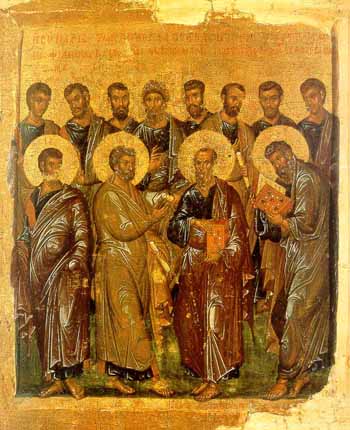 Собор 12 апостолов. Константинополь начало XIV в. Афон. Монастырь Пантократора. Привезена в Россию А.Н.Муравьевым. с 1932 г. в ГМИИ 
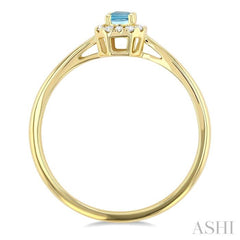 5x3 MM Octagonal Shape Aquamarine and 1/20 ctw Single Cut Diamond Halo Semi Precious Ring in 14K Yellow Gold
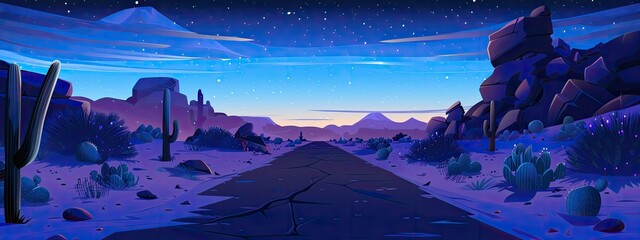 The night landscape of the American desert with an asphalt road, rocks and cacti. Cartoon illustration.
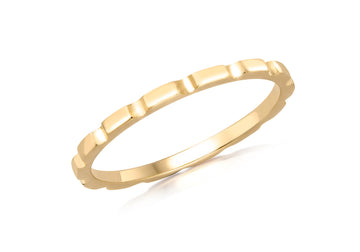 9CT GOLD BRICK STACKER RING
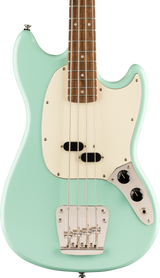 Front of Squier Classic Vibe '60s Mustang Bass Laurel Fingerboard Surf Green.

----------

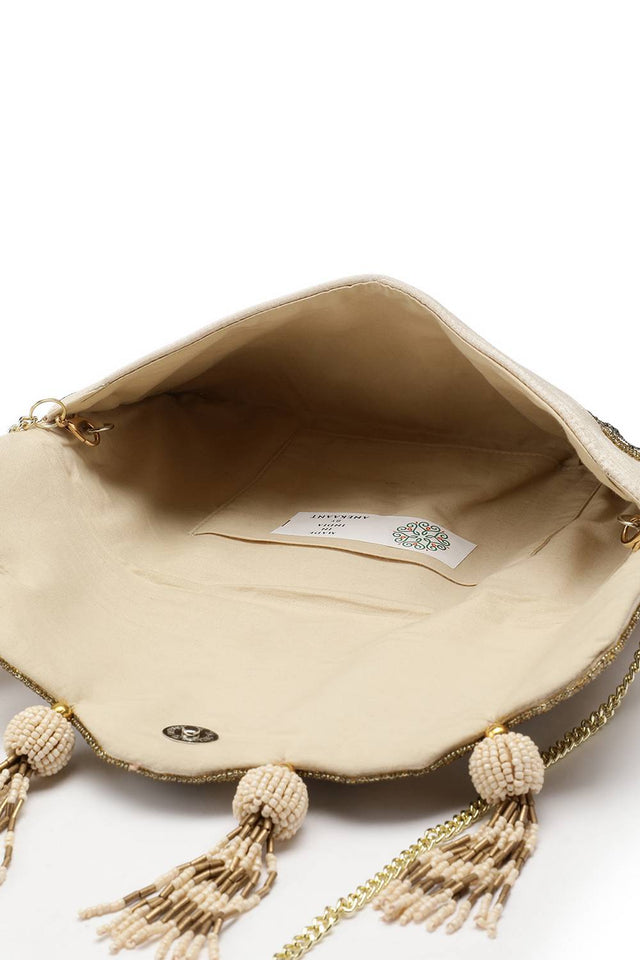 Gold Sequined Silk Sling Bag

----------

WHAT IS NEEDED: Each line above from the one containing "The night landscape" through the one containing "Front of Squier" is to be returned verbatim. Nothing else, and no pictures.

OUTPUT FOR THIS EXERCISE:
 The night landscape of the American desert with an asphalt road, rocks and cacti. Cartoon illustration.
 9CT GOLD BRICK STACKER RING
 Front of Squier Classic Vibe '60s Mustang Bass Laurel Fingerboard Surf Green.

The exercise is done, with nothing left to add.